• YOUR INSTRUCTIONS:
Your answer must be the exact lines below, starting with the line with "COB LED Strip" and going on through the line with "Kilim Tappeto orientale", both included, with no pictures.

• GIVEN DATA:
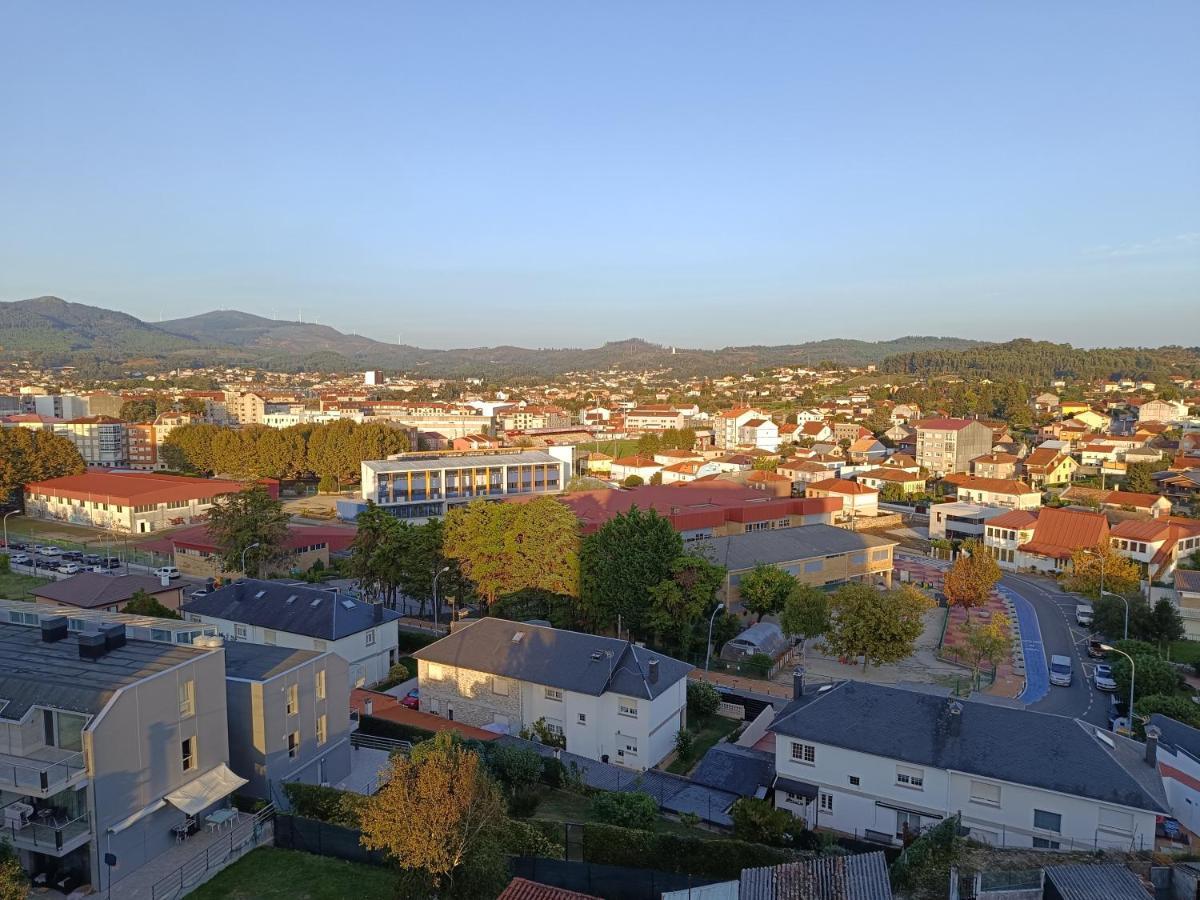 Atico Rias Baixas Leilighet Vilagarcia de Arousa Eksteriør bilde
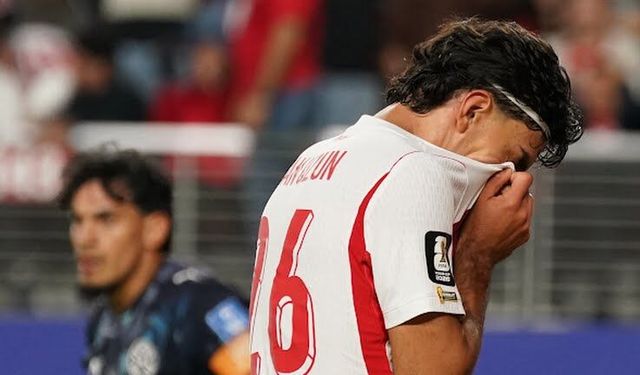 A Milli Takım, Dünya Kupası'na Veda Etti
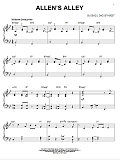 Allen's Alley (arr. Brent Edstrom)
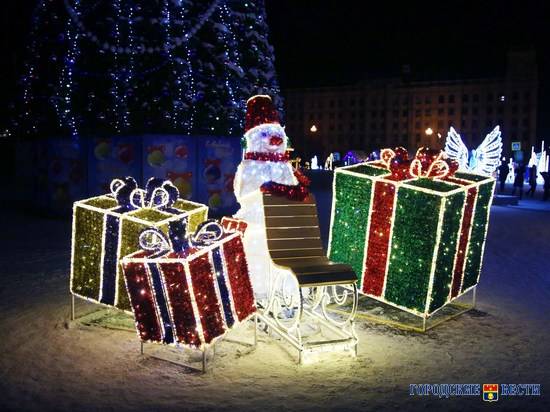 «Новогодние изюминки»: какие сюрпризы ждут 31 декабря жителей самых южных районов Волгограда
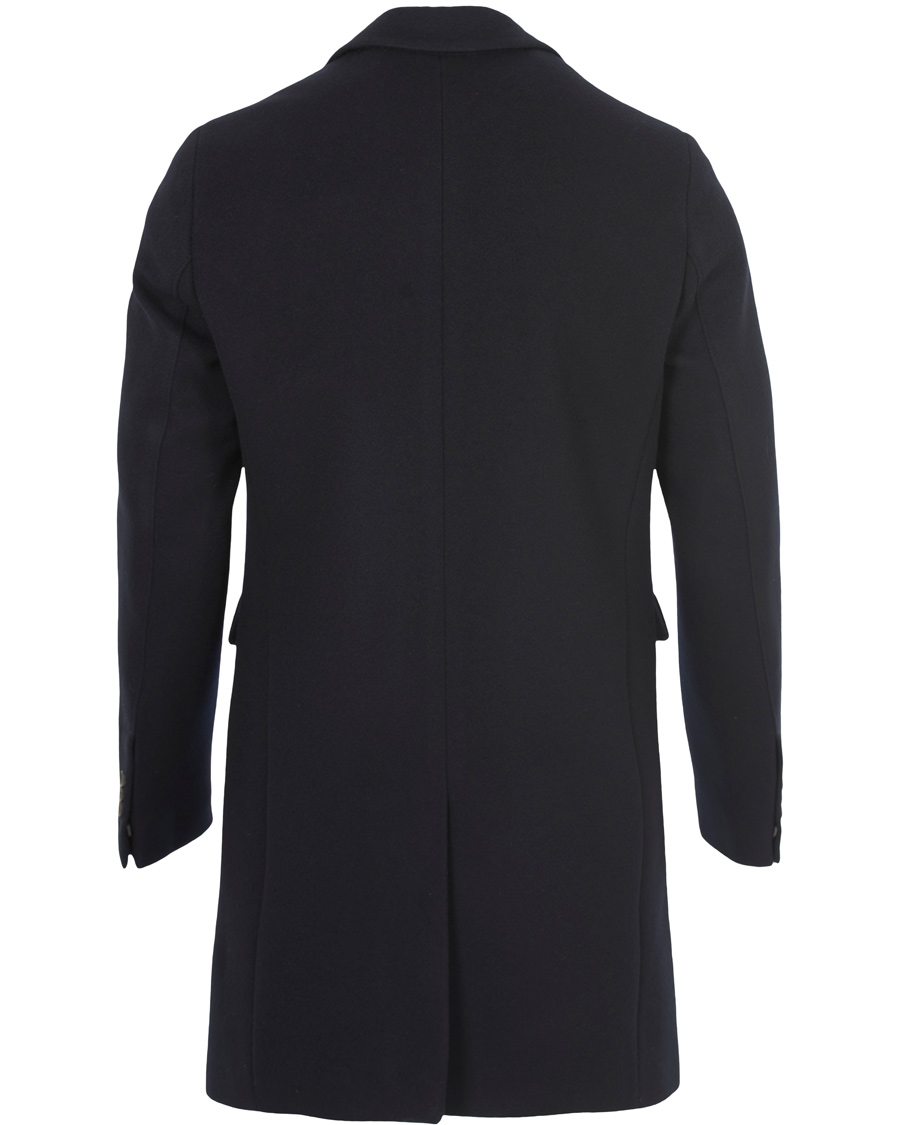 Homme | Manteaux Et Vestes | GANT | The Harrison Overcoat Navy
==
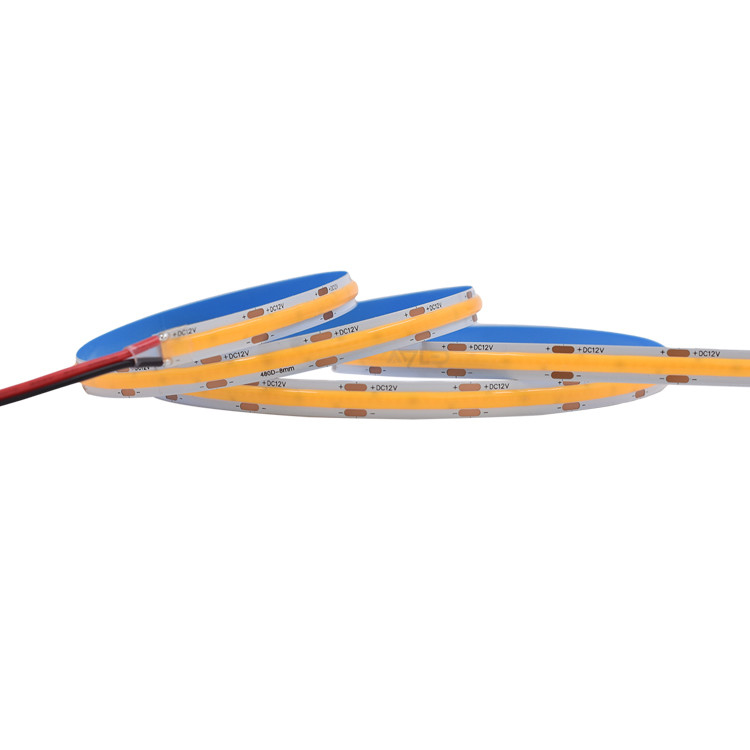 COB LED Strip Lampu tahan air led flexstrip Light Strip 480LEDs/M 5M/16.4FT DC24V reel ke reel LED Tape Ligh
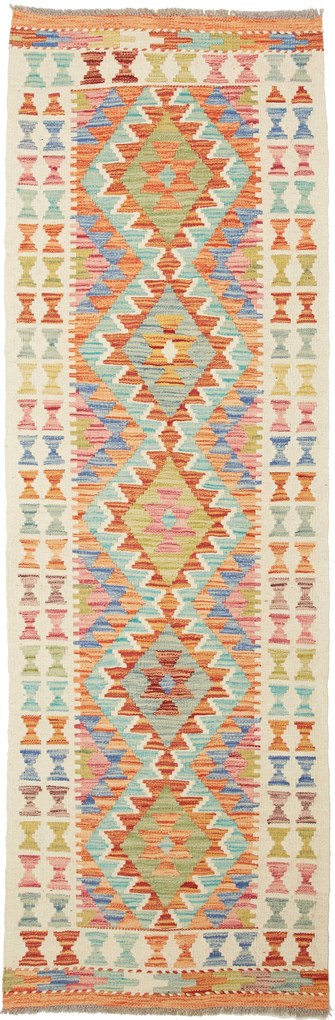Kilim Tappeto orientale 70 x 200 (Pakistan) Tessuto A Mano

• ANSWER TO THIS EXERCISE:
 COB LED Strip Lampu tahan air led flexstrip Light Strip 480LEDs/M 5M/16.4FT DC24V reel ke reel LED Tape Ligh
Kilim Tappeto orientale 70 x 200 (Pakistan) Tessuto A Mano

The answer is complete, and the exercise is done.